__ASSIGNED TASK__:
Return the data below exactly, but only from the line containing "Photo of 901" through the line containing "Lila namnbricka till hund - Typsnitt Tea", with both of those lines included.

◇ ◇ ◇

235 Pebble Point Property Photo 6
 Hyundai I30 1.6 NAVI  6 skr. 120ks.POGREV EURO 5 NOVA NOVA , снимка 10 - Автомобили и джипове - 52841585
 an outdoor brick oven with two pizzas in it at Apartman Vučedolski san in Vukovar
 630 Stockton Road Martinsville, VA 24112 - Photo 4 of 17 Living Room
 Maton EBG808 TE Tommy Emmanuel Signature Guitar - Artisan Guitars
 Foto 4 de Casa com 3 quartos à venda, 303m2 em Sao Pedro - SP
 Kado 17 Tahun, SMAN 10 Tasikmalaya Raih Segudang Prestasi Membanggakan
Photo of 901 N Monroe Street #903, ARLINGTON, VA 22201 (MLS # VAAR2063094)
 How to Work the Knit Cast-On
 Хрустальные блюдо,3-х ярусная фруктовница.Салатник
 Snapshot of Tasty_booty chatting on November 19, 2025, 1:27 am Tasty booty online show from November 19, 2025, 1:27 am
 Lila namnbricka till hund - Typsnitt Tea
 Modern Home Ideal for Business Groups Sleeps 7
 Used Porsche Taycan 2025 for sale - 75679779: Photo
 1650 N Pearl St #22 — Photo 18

◇ ◇ ◇

__RESPONSE FOR THIS EXERCISE__:
Photo of 901 N Monroe Street #903, ARLINGTON, VA 22201 (MLS # VAAR2063094)
 How to Work the Knit Cast-On
 Хрустальные блюдо,3-х ярусная фруктовница.Салатник
 Snapshot of Tasty_booty chatting on November 19, 2025, 1:27 am Tasty booty online show from November 19, 2025, 1:27 am
 Lila namnbricka till hund - Typsnitt Tea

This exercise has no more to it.